### Exercise brief
From the listing that follows, reproduce only the lines from the one holding "Movie poster for Kaputol (2019)" through the one holding "Kanwal Malik - Amelie - Luxury Pret - Aroha", both included, with no pictures.

### Given records
^^^^^^^^^^^^^^^^

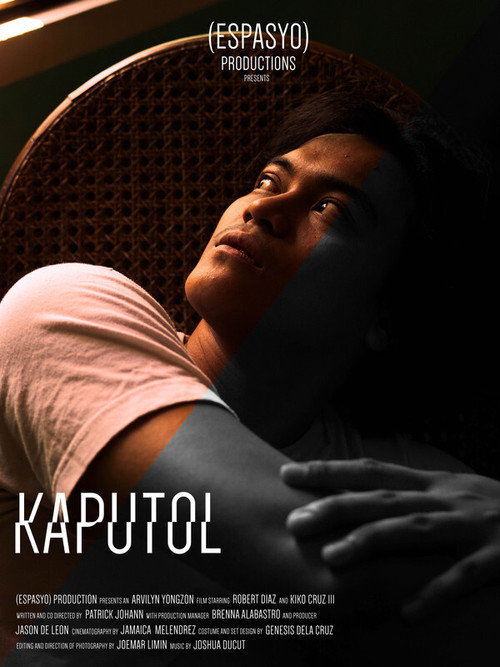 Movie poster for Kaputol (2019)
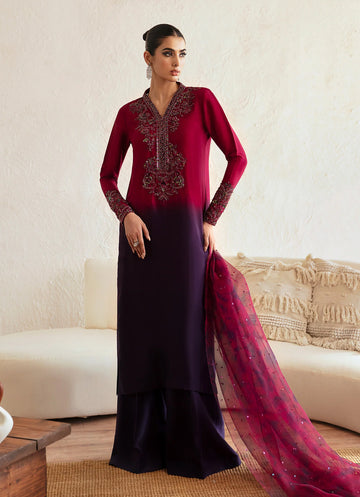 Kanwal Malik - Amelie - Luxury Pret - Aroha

^^^^^^^^^^^^^^^^

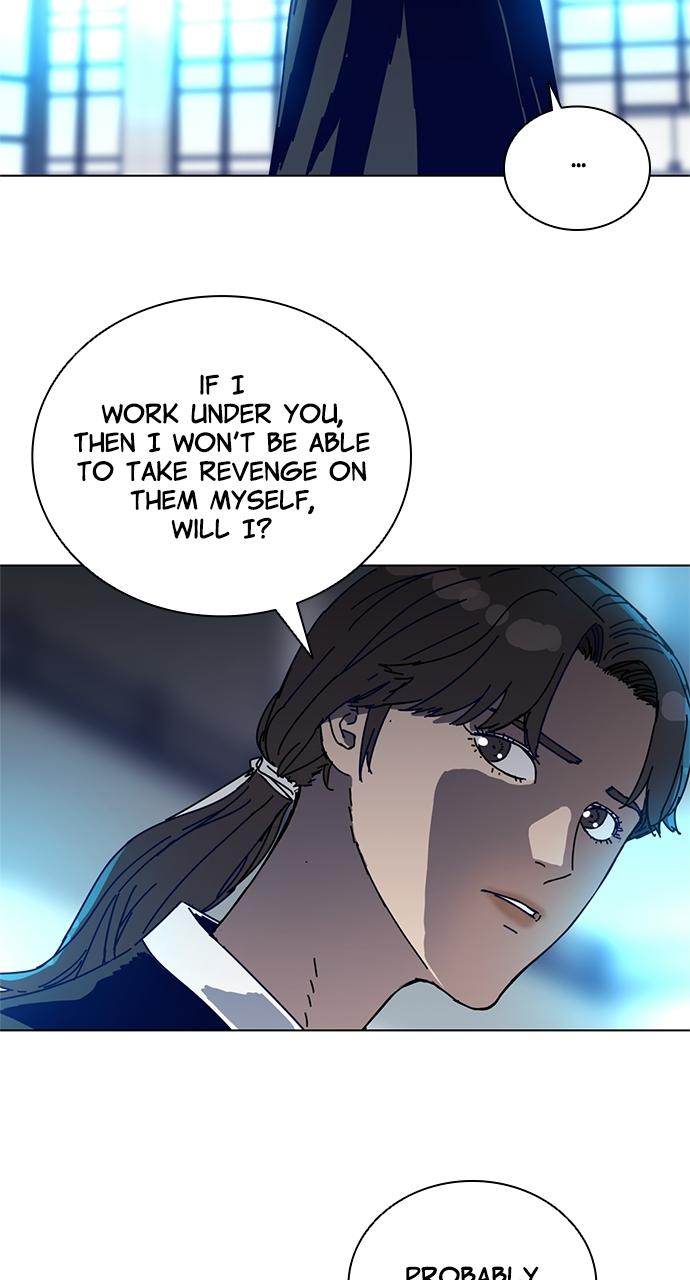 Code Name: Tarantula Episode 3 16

^^^^^^^^^^^^^^^^

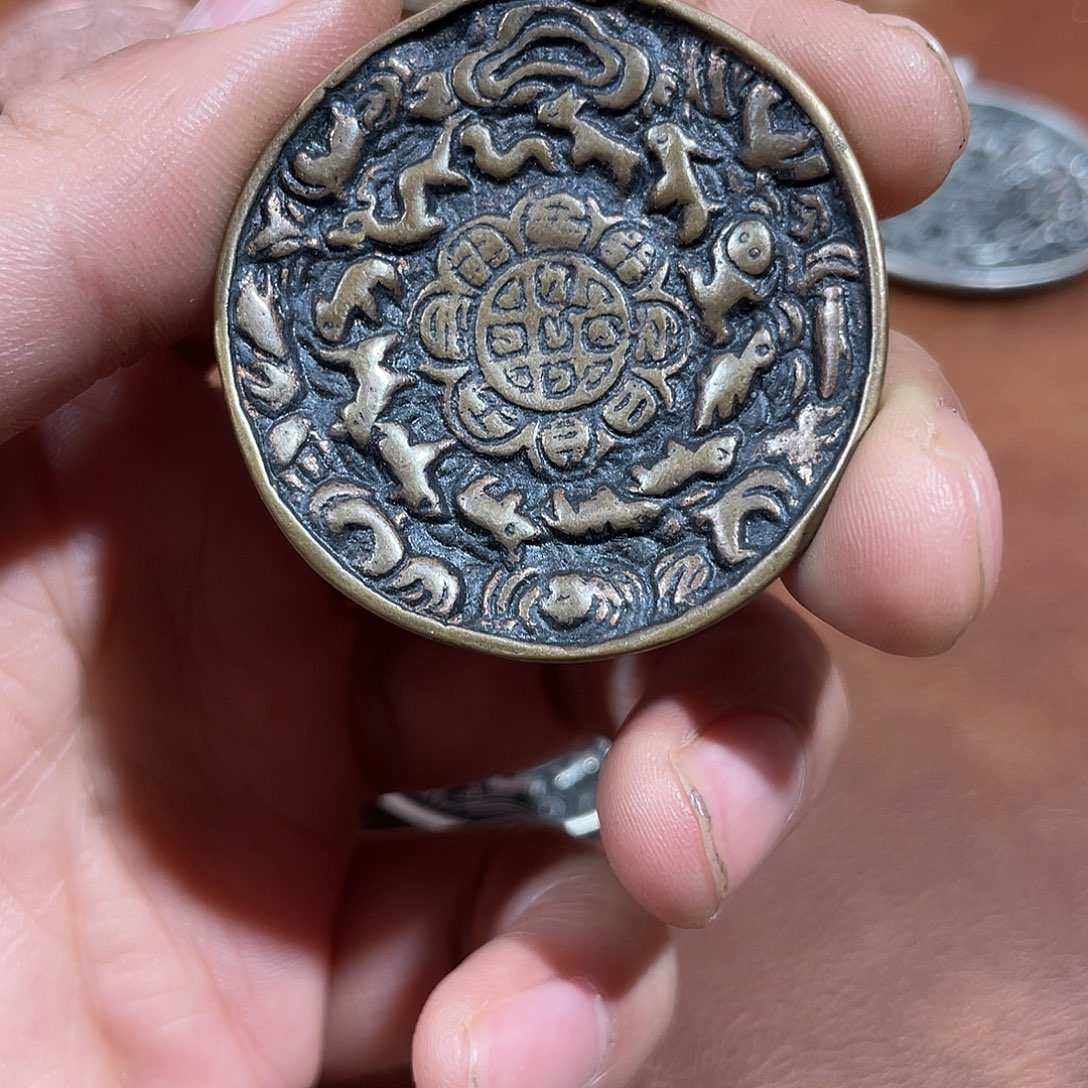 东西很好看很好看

^^^^^^^^^^^^^^^^

### Response
 Movie poster for Kaputol (2019)
 Kanwal Malik - Amelie - Luxury Pret - Aroha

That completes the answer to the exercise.